▸ **WHAT TO DO**: Would you transcribe the records below from the line with "Chanel CC Vanity" to the line with "青岛22年沃尔沃XC608", ends included, exactly and with nothing more, leaving the pictures out?

▸ **RECORDS**:
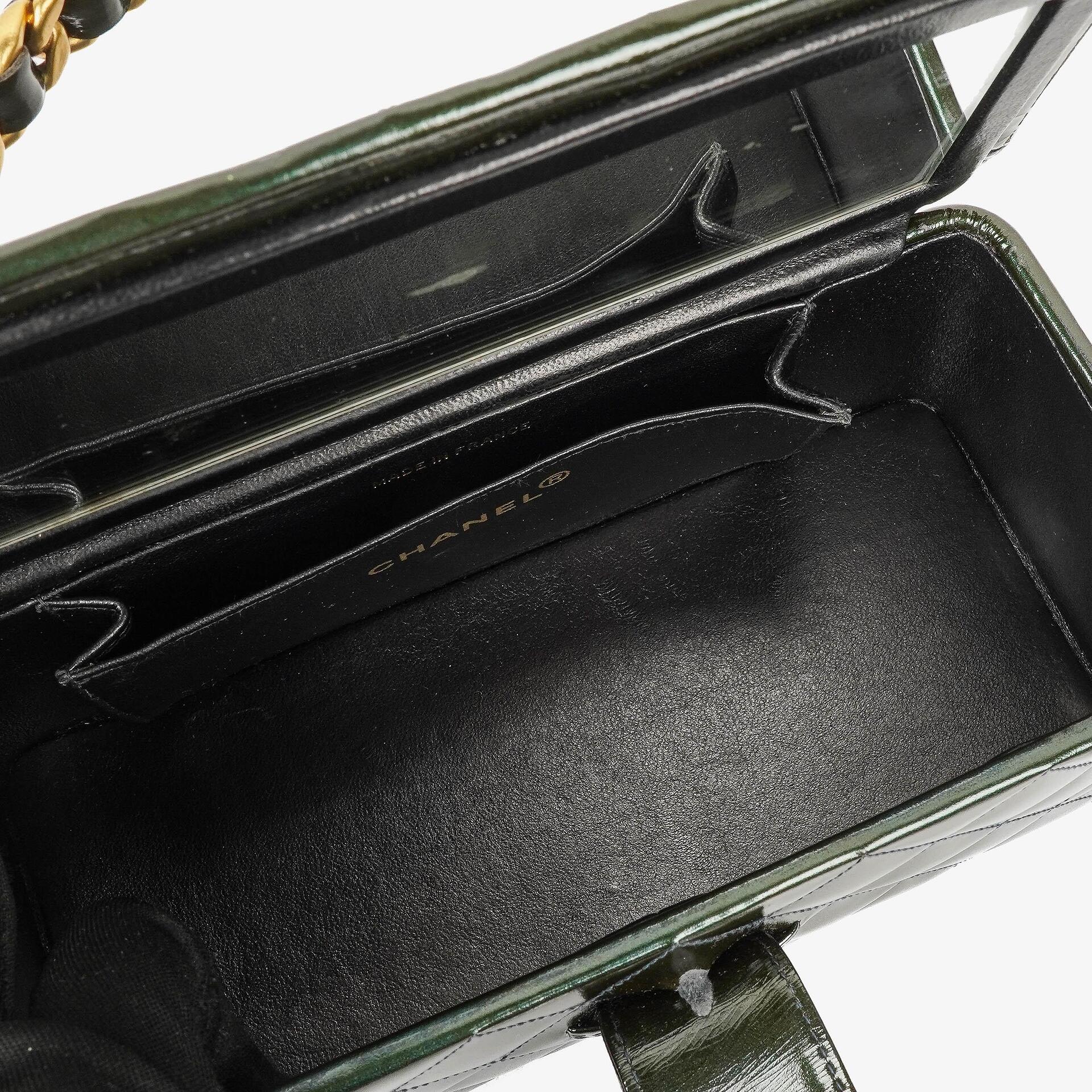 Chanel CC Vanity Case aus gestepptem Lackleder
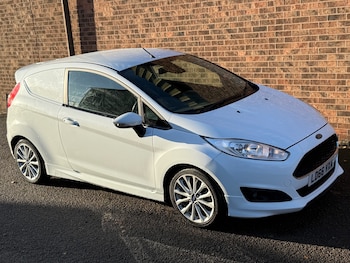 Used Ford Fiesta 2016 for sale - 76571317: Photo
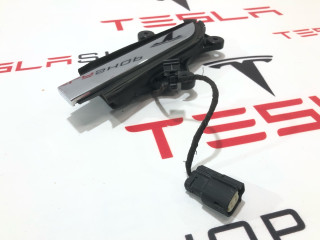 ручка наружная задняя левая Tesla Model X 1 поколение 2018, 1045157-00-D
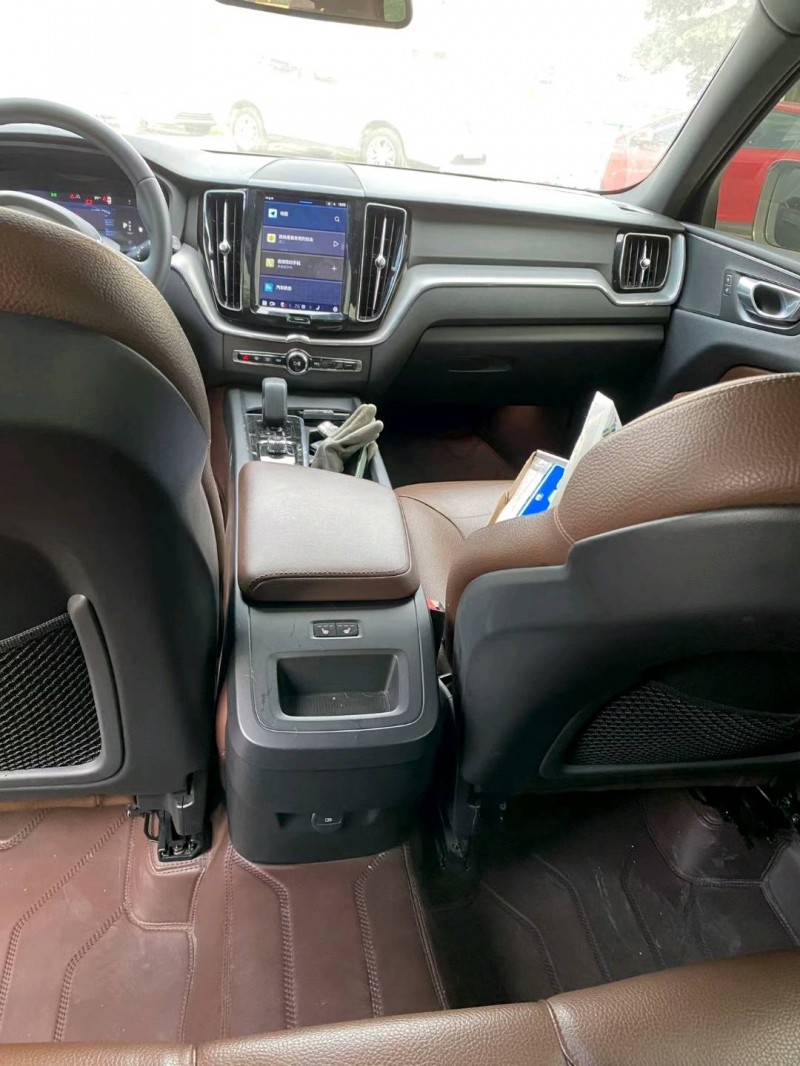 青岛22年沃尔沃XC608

---

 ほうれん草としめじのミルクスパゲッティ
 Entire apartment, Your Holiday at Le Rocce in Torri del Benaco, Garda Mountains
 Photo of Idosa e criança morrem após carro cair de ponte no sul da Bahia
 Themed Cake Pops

...

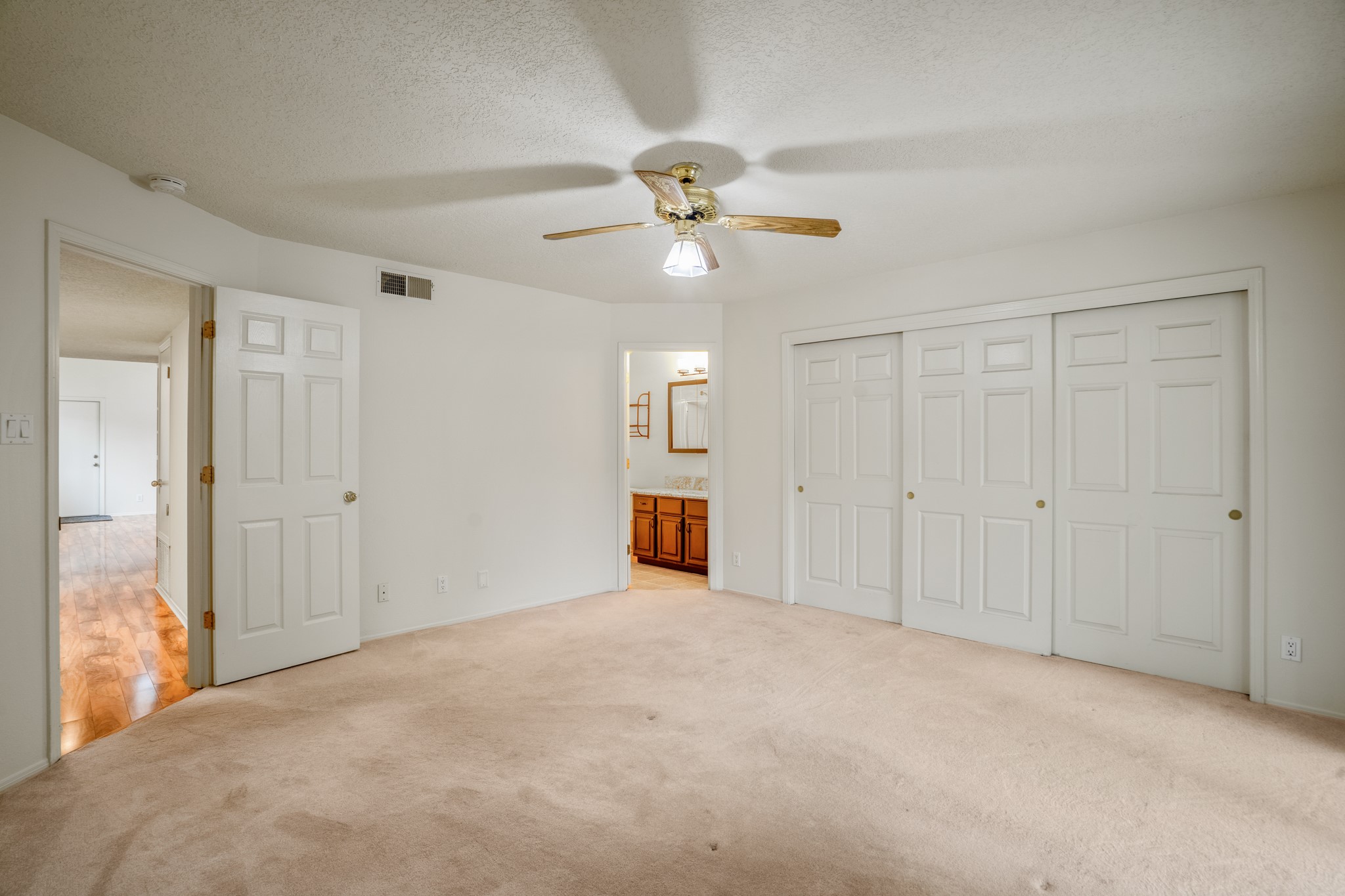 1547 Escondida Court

▸ **SOLUTION TO THIS PROBLEM**:
 Chanel CC Vanity Case aus gestepptem Lackleder
 Used Ford Fiesta 2016 for sale - 76571317: Photo
 ручка наружная задняя левая Tesla Model X 1 поколение 2018, 1045157-00-D
 青岛22年沃尔沃XC608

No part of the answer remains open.